La acción de la novela transcurre en la ciudad uruguaya de Mercedes a comienzos de 1980, con retrocesos a 1977, 1979, etcétera. El trasfondo de la dictadura le sirve a Trujillo para enfatizar la mezquindad individual, como en el vacío. No puede haber, de facto, solidaridades políticas ni teóricas, y los hombres y mujeres se arrojan con júbilo a egoísmos autojustificatorios. Por eso una agria conclusión del libro es que la barbarie empieza en casa. Todos los personajes de la novela respiran una misma atmósfera moral. Haller, el dudoso dueño del bar; Míguez, borracho lunático, filósofo peripatético; Horacio, el padrastro del protagonista, con sus máximas y su jarra de cerveza, que sentencia: “En la vida, solamente confiá en dos mujeres: en tu madre y en tu hija. Y en tu hija, hasta que cumpla quince”. La materialidad reina: “Dejalo que se rompa el culo bien roto”. También los dobles estándares de la desdramatización: “¿Es verdad que andás a los besos con los maricas? Dejame que te diga una cosa: eso no tiene nada de malo. La mitad de Mercedes le besó el culo a la Vanesa (una travesti) alguna vez. Pero lo que sí es malo es que lo digan”.
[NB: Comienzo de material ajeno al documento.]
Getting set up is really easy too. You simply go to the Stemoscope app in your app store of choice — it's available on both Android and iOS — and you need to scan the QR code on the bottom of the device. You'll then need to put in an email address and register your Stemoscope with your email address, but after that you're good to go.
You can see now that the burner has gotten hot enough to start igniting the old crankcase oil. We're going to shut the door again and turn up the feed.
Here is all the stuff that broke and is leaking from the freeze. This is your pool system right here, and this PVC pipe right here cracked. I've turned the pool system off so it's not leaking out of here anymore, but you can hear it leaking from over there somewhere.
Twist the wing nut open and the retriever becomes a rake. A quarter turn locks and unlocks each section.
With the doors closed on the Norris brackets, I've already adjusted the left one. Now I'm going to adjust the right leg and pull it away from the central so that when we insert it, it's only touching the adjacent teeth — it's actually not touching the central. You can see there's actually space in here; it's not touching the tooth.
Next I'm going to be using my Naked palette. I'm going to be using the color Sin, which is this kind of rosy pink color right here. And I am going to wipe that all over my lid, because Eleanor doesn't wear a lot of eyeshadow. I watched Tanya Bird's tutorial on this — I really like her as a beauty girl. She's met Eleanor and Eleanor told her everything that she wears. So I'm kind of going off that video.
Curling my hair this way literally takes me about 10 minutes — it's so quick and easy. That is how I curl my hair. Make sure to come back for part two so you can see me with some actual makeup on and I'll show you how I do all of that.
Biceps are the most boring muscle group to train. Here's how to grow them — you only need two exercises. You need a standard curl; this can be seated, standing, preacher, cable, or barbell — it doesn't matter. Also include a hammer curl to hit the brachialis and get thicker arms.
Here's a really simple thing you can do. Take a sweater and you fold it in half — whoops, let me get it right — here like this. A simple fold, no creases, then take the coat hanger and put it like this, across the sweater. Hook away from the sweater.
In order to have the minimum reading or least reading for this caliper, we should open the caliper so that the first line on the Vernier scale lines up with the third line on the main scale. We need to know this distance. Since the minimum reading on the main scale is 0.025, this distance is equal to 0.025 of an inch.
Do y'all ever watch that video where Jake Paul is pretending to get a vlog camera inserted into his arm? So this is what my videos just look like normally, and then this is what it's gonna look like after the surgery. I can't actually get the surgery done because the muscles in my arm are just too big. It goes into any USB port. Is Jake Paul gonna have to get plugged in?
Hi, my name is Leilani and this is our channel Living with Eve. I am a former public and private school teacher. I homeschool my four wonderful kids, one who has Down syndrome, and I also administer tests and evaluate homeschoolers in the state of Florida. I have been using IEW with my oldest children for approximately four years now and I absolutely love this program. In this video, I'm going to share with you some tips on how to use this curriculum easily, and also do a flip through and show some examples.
Cuando a principios del siglo XX el ensayista José Enrique Rodó comparaba a su país con Estados Unidos, decía que a Uruguay le sobraba conciencia, pero le faltaba determinación para la acción. Con un décimo de la conciencia uruguaya, agregaba, los norteamericanos forjaron una nación única. En este drama paralizante, profundamente uruguayo, vive el protagonista de la novela de Trujillo. “Veo con los ojos de Dios”, le dice la novia al protagonista. “Pensó que aquella muchacha estaba equivocada. Sus ojos no eran los de Dios. Los ojos de Dios eran los de ese caballo.” Metáfora del amigo que el protagonista no tiene, que no tendrá porque le falta la determinación para fundirlo en un amor absoluto e inequívoco.